Lucius Banks

Personal information
- Full name: Lucius Banks, Jr.
- Born: May 1, 1886 Harmony Village, Virginia, U.S.
- Died: February 1955 (aged 68) Boston, Massachusetts, U.S.

Playing information
Club
| Years | Team | Pld | T | G | FG | P |
| 1912 | Hunslet | 13 | 5 | 0 | 0 | 15 |
- Source:

= Lucius Banks =

American gridiron and rugby league footballer

Lucius Banks, Jr. (May 1, 1886 – February 6, 1955) was an American professional rugby league player who played in the 1910s. He played in England for Hunslet in Hunslet, Leeds, in 1912 and, is thought to be the first black athlete to compete in rugby league; the first American to play rugby league; and, according to the historian Tony Collins, "probably only the fourth black American to play professional football of any code".

==Biography==

===Early life===
Banks was born in Virginia in either 1885 or 1886 to Lucius Banks Sr. and Julia Webb Banks. The family moved to Arlington, Massachusetts when he was still young.

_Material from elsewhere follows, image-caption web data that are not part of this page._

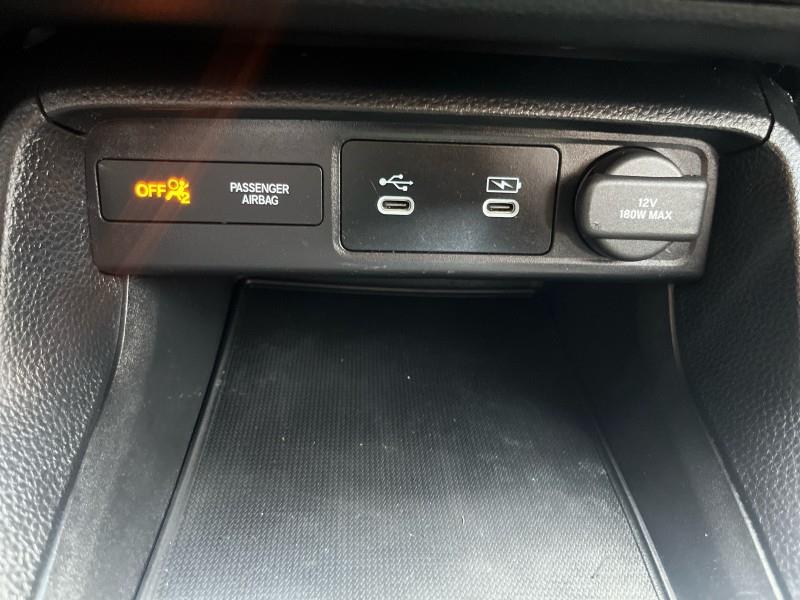 2025 Honda Civic Hatchback Sport, available for sale in Maple Shade, New Jersey | Car Revolution. Maple Shade, New Jersey 2025 Honda Civic Hatchback Sport, available for sale in Maple Shade, New Jersey | Car Revolution. Maple Shade, New Jersey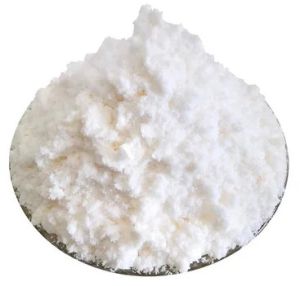 Antioxidant BHA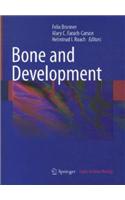 Bone and Development
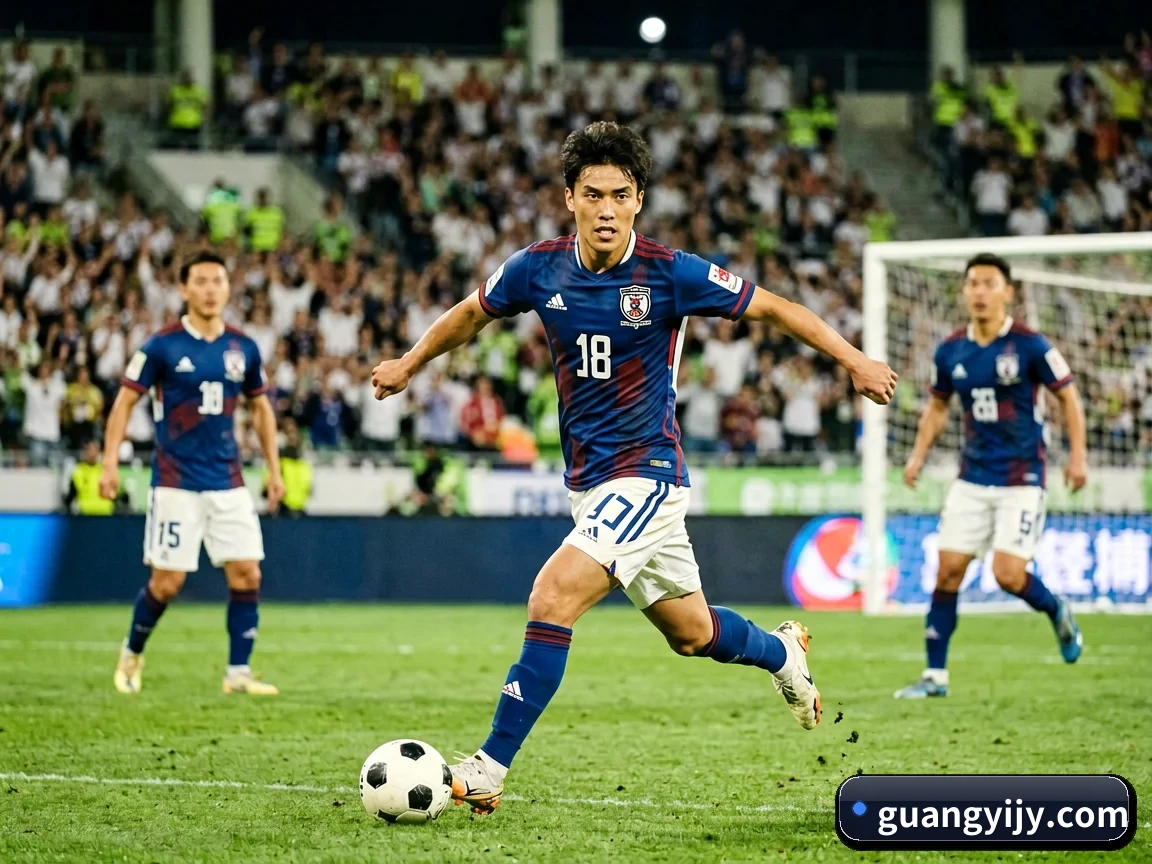 国际化进程(mksports)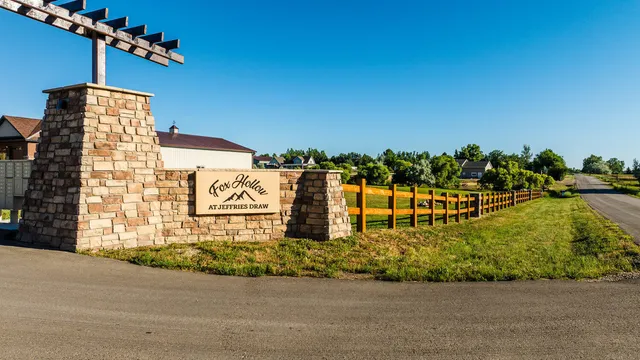 $202,438 | Piccard Road, Sheridan, WY 82801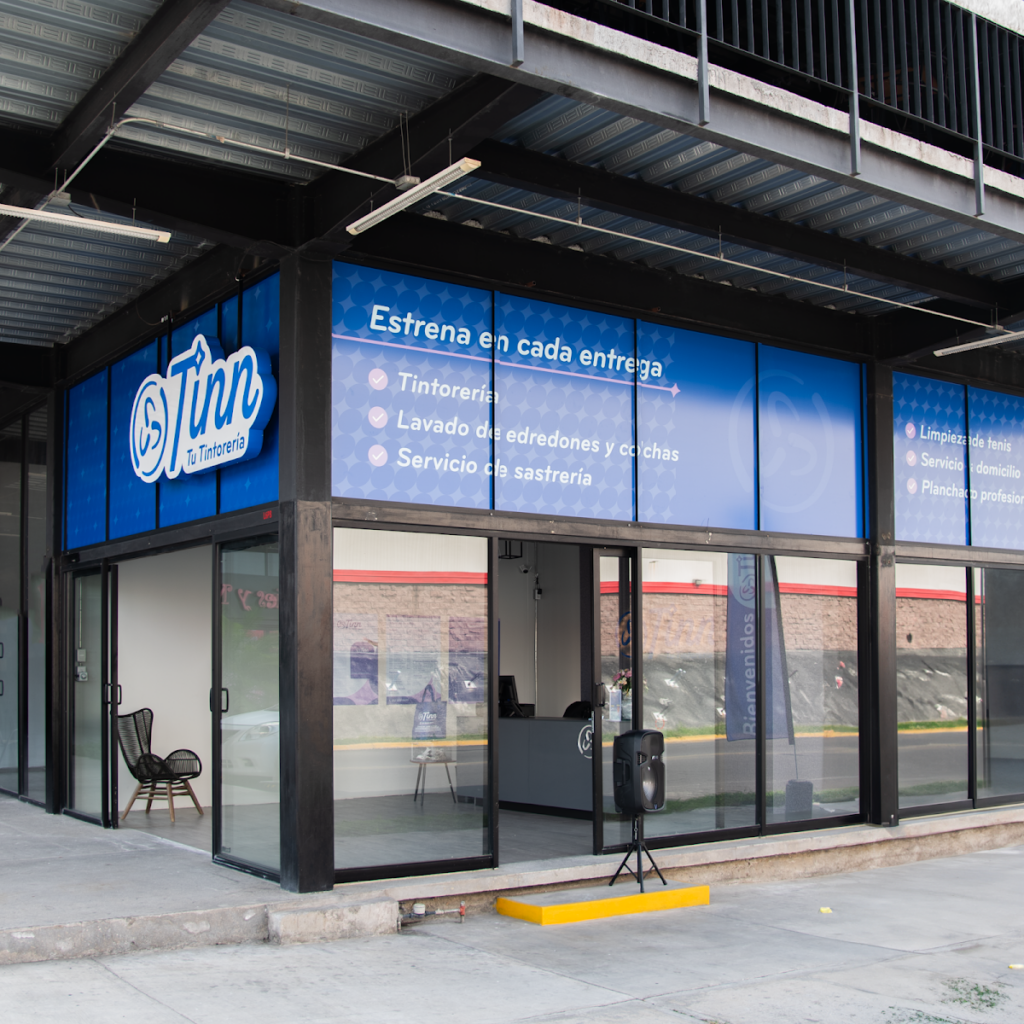 38924 tinn tu tintoreria 1024x1024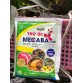 MECABA THUỐC TRỪ ỐC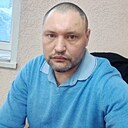 Стас, 41 год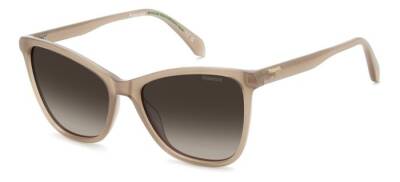 Polaroid Pld 4194/S - FWM55LA - 26C - 55 Kadın Güneş Gözlüğü - Polaroid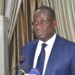 Mise en conformité des associations au Bénin : un délai supplémentaire de trois mois accordé par le ministère de l’intérieur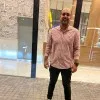 Mohamed Wahba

Banks served in the U.S. cavalry, recorded as a private in 1910 in the Army and Navy Register. He was stationed at West Point, New York from 1908 to 1912, where he excelled in both cricket and American football.

===Playing career===
Banks was spotted playing as a quarterback in New York by a one-time member of Hunslet's management committee, and the club bought him out of the army and brought him to the UK, apparently partly because the club thought an exotic player would boost revenue. The strategy seems to have worked, as 'his presence significantly swelled the attendance at his first game'.

Local news reporting on Banks's first game in England included some prominent racist coverage, with a local evening paper running the headline 'Hunslet's Coloured Coon' and the Yorkshire Post suggesting that local players should have been hired instead and commenting that "if the club wanted to sign 'coloured' players they should go to South Africa, where there are reputed to be capable goal kickers with bare feet".

Banks's performance seems to have been fairly successful: playing on the wing, he scored four tries during his first four games for the club, the first of which was on January 27, 1912, against York. He later moved to playing as , before returning to America following his last game with the club, on December 26, 1912.

More recently, Banks has been described as a black rugby league player within the history of the sport.

===Later life===
Following his days in England, Banks served in World War I and saw active service in France. In 1919, he joined the Boston Police Department and worked as a police officer for 27 years. He was also a member of the Prince Hall Free & Accepted Masonic Lodge. He died in 1955 (when his age was listed as 68) and was survived by his wife, Maude, and son, Richard L. Banks.